◆ GIVEN MATERIAL
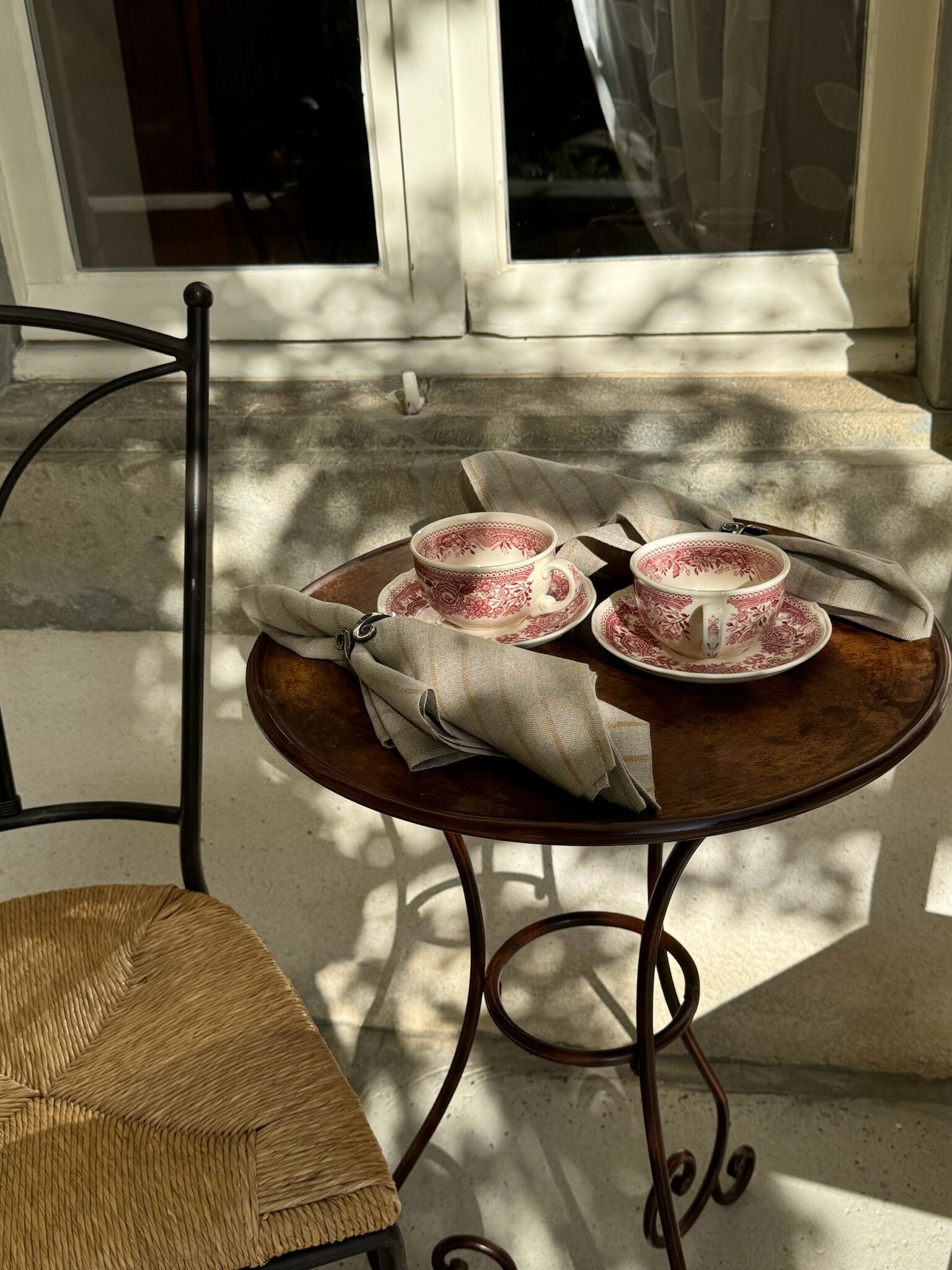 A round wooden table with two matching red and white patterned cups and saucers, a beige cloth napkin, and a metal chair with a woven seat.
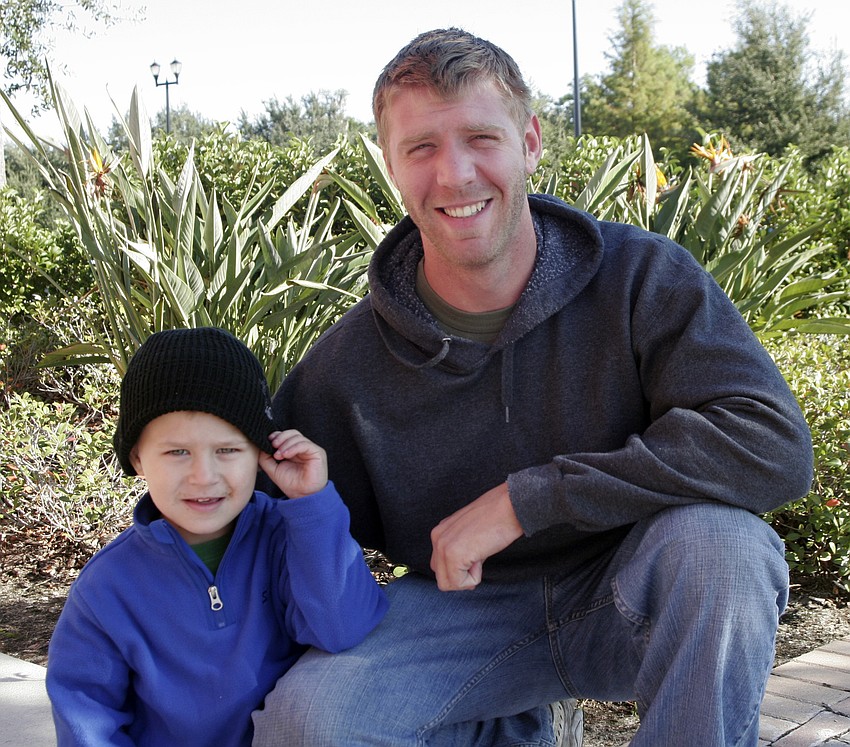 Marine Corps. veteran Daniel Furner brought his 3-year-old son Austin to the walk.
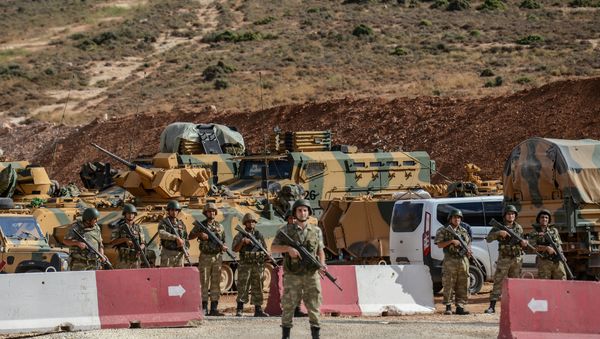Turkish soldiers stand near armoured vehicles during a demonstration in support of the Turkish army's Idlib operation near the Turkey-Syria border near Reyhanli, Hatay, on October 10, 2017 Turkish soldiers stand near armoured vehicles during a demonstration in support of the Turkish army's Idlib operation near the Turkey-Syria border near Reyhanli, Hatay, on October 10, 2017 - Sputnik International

◆ EXERCISE
Could you copy each line above exactly as written, minus any pictures?

◆ COMPLETED EXERCISE
 A round wooden table with two matching red and white patterned cups and saucers, a beige cloth napkin, and a metal chair with a woven seat.
 Marine Corps. veteran Daniel Furner brought his 3-year-old son Austin to the walk.
Turkish soldiers stand near armoured vehicles during a demonstration in support of the Turkish army's Idlib operation near the Turkey-Syria border near Reyhanli, Hatay, on October 10, 2017 Turkish soldiers stand near armoured vehicles during a demonstration in support of the Turkish army's Idlib operation near the Turkey-Syria border near Reyhanli, Hatay, on October 10, 2017 - Sputnik International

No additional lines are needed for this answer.